Haggling over money with the tight-fisted Green Bay Packers when they wanted to hire him in 1974, Lee Remmel ran short on patience and told team president Dominic Olejniczak: "Look, I already have a good job."

That he did.

Remmel had worked for the Green Bay Press-Gazette for more than 29 years when Packers coach Dan Devine surprised him by interrupting an interview to ask whether he'd be interested in running the NFL team's public relations staff.

Remmel loved the newspaper job because it allowed him to cover the Packers, a beat he started working just after World War II.

But the versatile sportswriter also covered lots of other things. He almost certainly wrote more stories about high school sports than about his beloved Packers.

Take, for example, the Press-Gazette sports section of Monday afternoon, Oct. 8, 1945. That day, the 21-year-old Lee Remmel had two bylined stories.

On the front page of the sports section was Remmel's story about De Pere's victory over Kewaunee in a high school football game from the previous Saturday afternoon. (There was no Sunday paper at that time.)

You had to turn the page to find Remmel's sidebar — you know it as a notebook today — on the Packers' 57-21 victory over the Detroit Lions from the previous day.

It was the first Packers game Remmel covered for the Press-Gazette. He convinced sports editor Ray Pagel to let him help cover the game by agreeing to pay his own way to State Fair Park in Milwaukee.

Remmel also was passionate about bowling, writing a weekly column and a bowler-of-the-month feature for years. He was the director of the old Press-Gazette Bowling Tournament and a director of the Green Bay Bowling Association for 34 years. He was inducted into the association's Hall of Fame in 1974.

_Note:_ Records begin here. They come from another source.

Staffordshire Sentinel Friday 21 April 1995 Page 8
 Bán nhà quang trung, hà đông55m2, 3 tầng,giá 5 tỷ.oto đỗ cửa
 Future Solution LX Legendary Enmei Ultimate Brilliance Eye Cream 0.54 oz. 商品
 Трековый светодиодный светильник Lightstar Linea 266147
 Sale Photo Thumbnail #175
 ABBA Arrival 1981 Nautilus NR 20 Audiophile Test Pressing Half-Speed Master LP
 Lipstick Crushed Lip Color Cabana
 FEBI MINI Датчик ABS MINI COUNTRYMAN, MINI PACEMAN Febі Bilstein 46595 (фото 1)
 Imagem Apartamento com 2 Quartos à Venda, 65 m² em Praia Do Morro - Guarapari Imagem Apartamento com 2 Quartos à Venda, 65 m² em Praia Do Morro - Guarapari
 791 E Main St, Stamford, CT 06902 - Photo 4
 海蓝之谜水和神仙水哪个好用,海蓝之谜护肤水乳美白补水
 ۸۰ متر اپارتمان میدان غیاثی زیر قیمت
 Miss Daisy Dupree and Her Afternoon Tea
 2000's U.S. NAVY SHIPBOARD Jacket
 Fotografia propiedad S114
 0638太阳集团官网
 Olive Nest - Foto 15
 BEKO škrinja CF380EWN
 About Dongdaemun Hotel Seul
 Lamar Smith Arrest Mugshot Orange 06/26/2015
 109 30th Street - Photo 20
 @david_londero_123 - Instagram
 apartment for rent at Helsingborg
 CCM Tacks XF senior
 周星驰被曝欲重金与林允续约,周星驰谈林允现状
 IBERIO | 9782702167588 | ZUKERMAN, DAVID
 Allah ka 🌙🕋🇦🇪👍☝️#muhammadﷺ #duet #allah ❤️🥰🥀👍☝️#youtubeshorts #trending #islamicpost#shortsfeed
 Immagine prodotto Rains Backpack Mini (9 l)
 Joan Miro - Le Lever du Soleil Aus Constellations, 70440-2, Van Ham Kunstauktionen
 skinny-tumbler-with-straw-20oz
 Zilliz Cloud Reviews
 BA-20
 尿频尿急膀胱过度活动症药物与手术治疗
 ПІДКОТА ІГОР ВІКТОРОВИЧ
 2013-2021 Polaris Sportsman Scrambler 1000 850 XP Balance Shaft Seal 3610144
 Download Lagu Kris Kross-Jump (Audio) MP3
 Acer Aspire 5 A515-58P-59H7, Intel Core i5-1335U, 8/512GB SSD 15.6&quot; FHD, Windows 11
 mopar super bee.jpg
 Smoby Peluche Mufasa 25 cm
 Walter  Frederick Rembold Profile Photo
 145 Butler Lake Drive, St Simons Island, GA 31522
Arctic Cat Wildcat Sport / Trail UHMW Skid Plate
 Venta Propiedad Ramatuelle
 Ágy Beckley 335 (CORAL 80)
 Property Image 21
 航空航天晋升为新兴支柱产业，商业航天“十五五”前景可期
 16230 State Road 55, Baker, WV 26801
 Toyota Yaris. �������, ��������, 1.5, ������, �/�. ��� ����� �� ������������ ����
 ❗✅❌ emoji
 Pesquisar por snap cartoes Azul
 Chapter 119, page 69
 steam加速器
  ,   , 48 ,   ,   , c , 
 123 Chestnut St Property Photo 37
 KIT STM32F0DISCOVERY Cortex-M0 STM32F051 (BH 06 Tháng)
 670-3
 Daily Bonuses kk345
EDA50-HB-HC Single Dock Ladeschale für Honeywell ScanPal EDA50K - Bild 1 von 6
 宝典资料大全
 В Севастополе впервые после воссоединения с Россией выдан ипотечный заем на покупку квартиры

When longtime Howard bowling proprietor Leo Delvoye retired in 2005, he fondly recalled Remmel's involvement with the Press-Gazette tournament, once the largest newspaper-sponsored singles tournament in the nation. Remmel worked with the area's bowling centers to decide where the tournament would take place, then helped round up the prizes.

"It was really nice working with Lee Remmel and having a martini every once in a while with him," Delvoye said. "I really enjoyed that."

Even after leaving the newspaper in 1974, Remmel occasionally bowled with his former co-workers in the Press-Gazette league at the old Bay Bowl, doing so into the early 1980s.

Remmel covered the old Green Bay Bobcats semiprofessional hockey team from its inception in 1958 until the early 1970s and was its publicity director for a time. He also covered the 1960 U.S. Olympic hockey team as it trained in Green Bay, then piled into a DC-3 with the team as it flew to the Winter Games in Squaw Valley, Calif.

He headed north to Iron Mountain, Mich., each winter to write about ski jumping tournaments that once drew Olympians and other top international jumpers.

The prolific Remmel also wrote a regular column called "Personality Parade."

"One thing I really enjoyed doing," Remmel said in 2007, was "interviewing some interesting people, like (boxer) Joe Louis and (baseball players) Warren Spahn, Henry Aaron, (figure skater) Peggy Fleming."

Then there was the interview with golfer Gary Player.

"Interviewed him in Salt Lake City when I was on vacation," Remmel said. "He mentioned apartheid. All of a sudden there was sound of something falling. Didn't want any part of that."